Nairo Quintana (Movistar) has said he fully expects the battle for the overall victory in the Volta a Catalunya to go down to the very last metre of Sunday’s final stage of the race, which finishes with eight laps of the hilly Montjuic Park.
Quintana received more unspoken warnings on stage 6 from his rivals that they will not let him cruise home to victory on Sunday unchallenged. The fast and fraught second day of battle for time bonuses amongst the favourites of the Volta a Catalunya on Saturday saw Quintana strongly defend his lead, though, with Movistar leading the Colombian climber close to the front of the pack whenever needed.

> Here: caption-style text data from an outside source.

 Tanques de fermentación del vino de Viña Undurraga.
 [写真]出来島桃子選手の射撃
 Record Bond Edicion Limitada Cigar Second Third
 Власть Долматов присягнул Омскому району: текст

However, the strong winds and frequent changes of direction on a very fast, downhill stage meant there was a definite risk of echelons and on one occasion a prolonged drive at the head of the pack by Italy’s Matteo Tossato with Alberto Contador tucked in on his back wheel made it clear Contador, in second place and just seven seconds back, has no intention of dropping the pressure.

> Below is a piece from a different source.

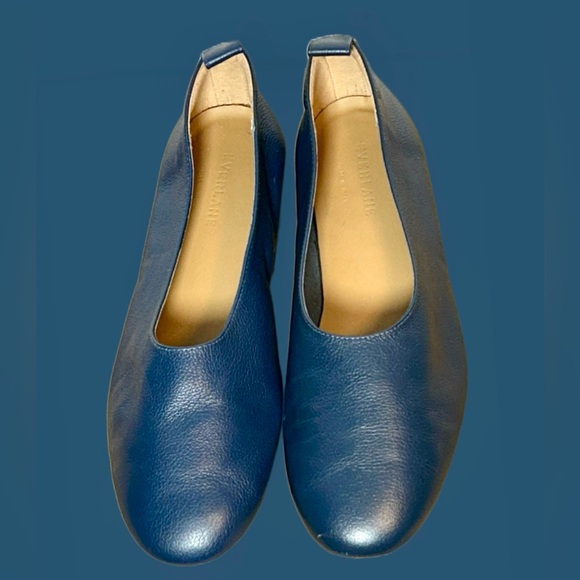 NWOB Everlane Italian Leather Day Glove Flats in Navy Blue, Size 8.5 - Picture 2 of 16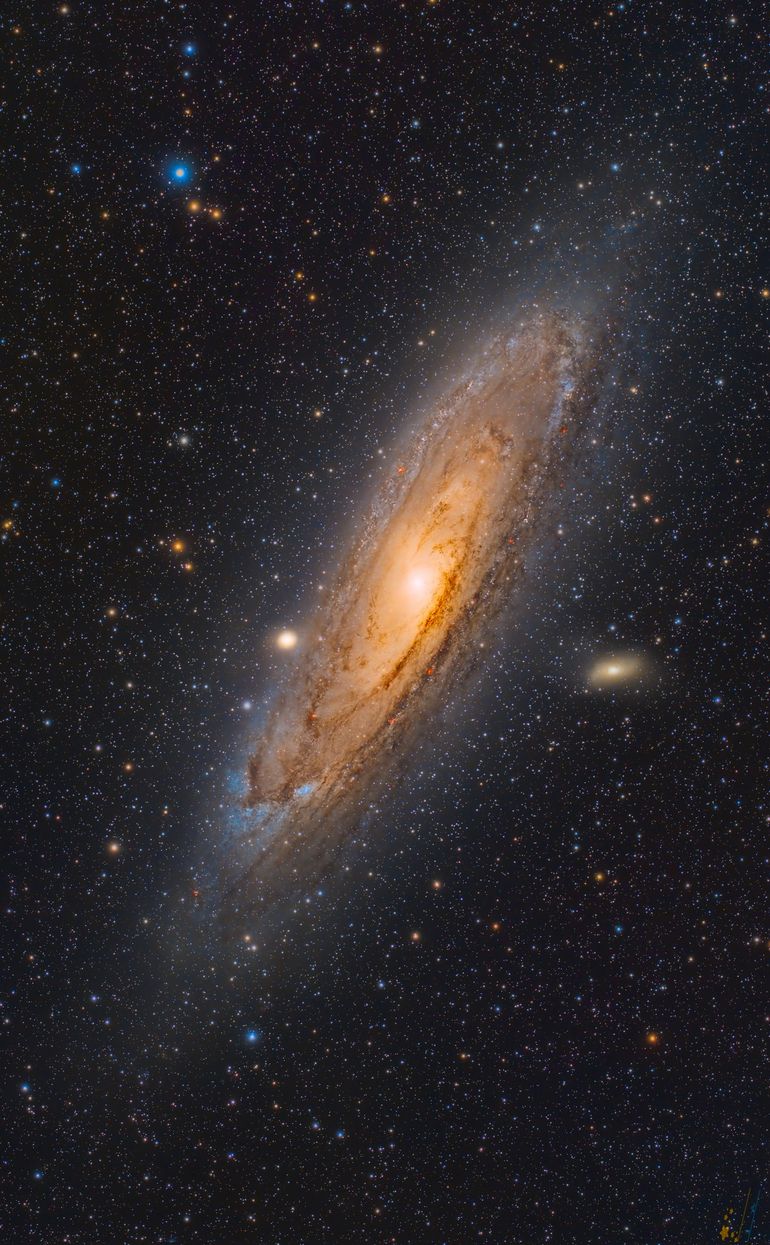 La galaxia Andrómeda se encuentra a una distancia de 2,5 millones de años luz de la Tierra. La galaxia Andrómeda se encuentra a una distancia de 2,5 millones de años luz de la Tierra.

Contador and former leader Dan Martin (Etixx QuickStep) had already shaved time off Quintana’s advantage in a time bonus hot spot sprint on stage 5 and Martin did so again on stage 6, gaining another three seconds in another intermediate sprint. The Irishman is now 18 seconds back, one second down on Richie Porte (BMC Racing), whilst Romain Bardet (AG2R La Mondiale) having gained another second, is another threat, 31 seconds back.
Referring to the ultra-close GC classification - and bearing in mind there are two more hot spot sprints tomorrow, too, as well as the bonus seconds on offer at the finish - Quintana said after stage 6, “I hope it’s not going to get too tricky, but of course I’m expecting attacks.
“The Montjuic circuit isn’t that technical, but it can get fiddly. There will be attacks but on other years it’s all come down to a small bunch sprint.”
One factor in his favour, of course, is a strong Movistar squad that proved itself up to all the challenges on stage 6’s long grind across the hills and twisting valley roads of southern Catalunya on Saturday.
“We’ve got good riders here, guys like Winner [Anacona] and Imanol [Erviti] and the team worked well today,” he reflected. He is also, he said, “pleased with how I’ve been able to step up to the mark here in Catalunya, going from racing non-WorldTour stage races this season to bigger events.”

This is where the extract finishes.